### [PROBLEM REQUIREMENTS]
Within the entries below, the lines from the one with "Stoneglow Clear Modern" through the one with "Most of the" are to be set down exactly, both ends kept.

** MATERIALS PROVIDED follows **

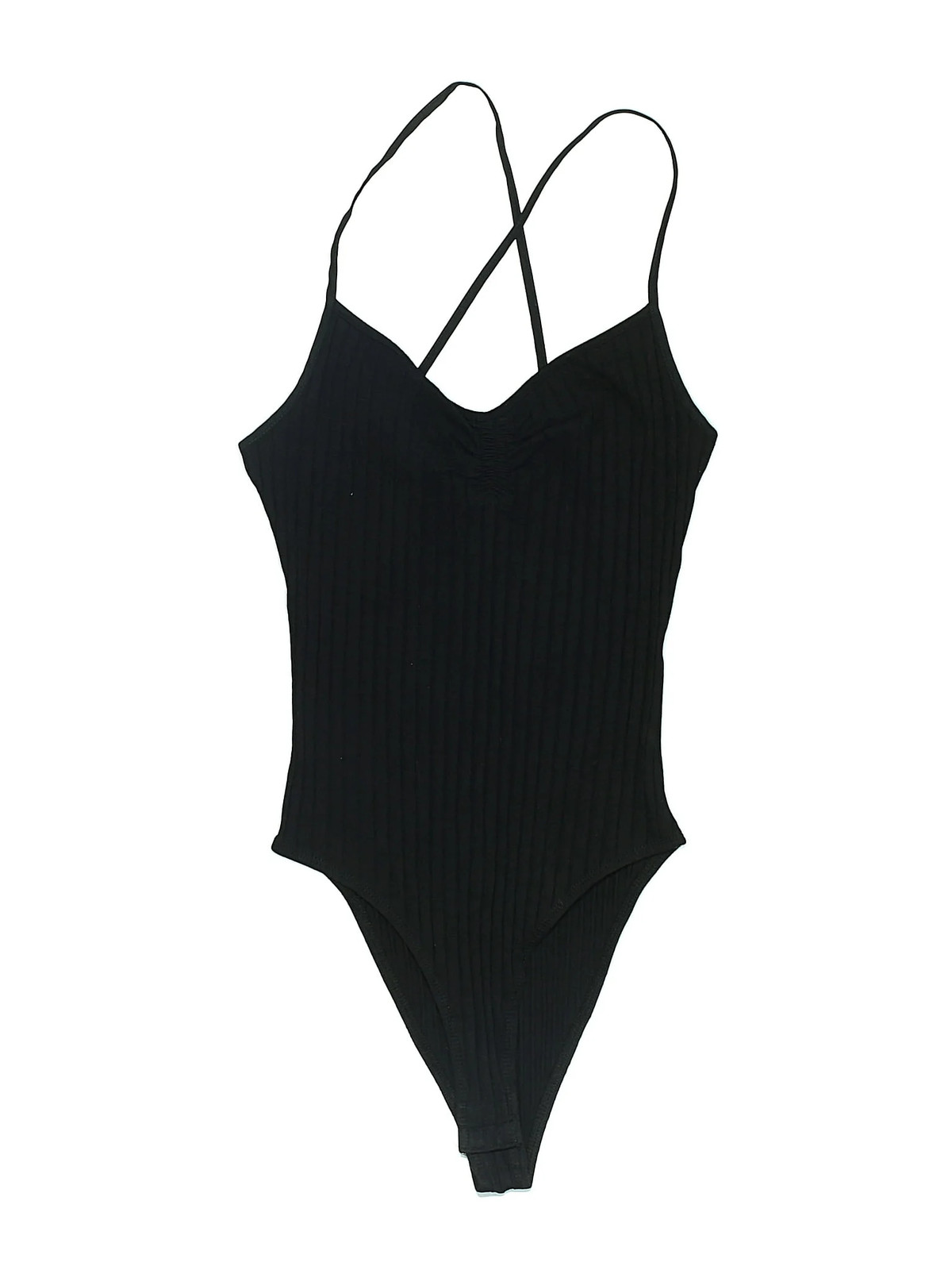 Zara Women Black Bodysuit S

** End of MATERIALS PROVIDED **
** MATERIALS PROVIDED follows **

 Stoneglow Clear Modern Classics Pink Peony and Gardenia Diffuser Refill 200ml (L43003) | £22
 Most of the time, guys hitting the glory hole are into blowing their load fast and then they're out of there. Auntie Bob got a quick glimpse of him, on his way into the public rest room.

** End of MATERIALS PROVIDED **

### [OUTPUT]
 Stoneglow Clear Modern Classics Pink Peony and Gardenia Diffuser Refill 200ml (L43003) | £22
 Most of the time, guys hitting the glory hole are into blowing their load fast and then they're out of there. Auntie Bob got a quick glimpse of him, on his way into the public rest room.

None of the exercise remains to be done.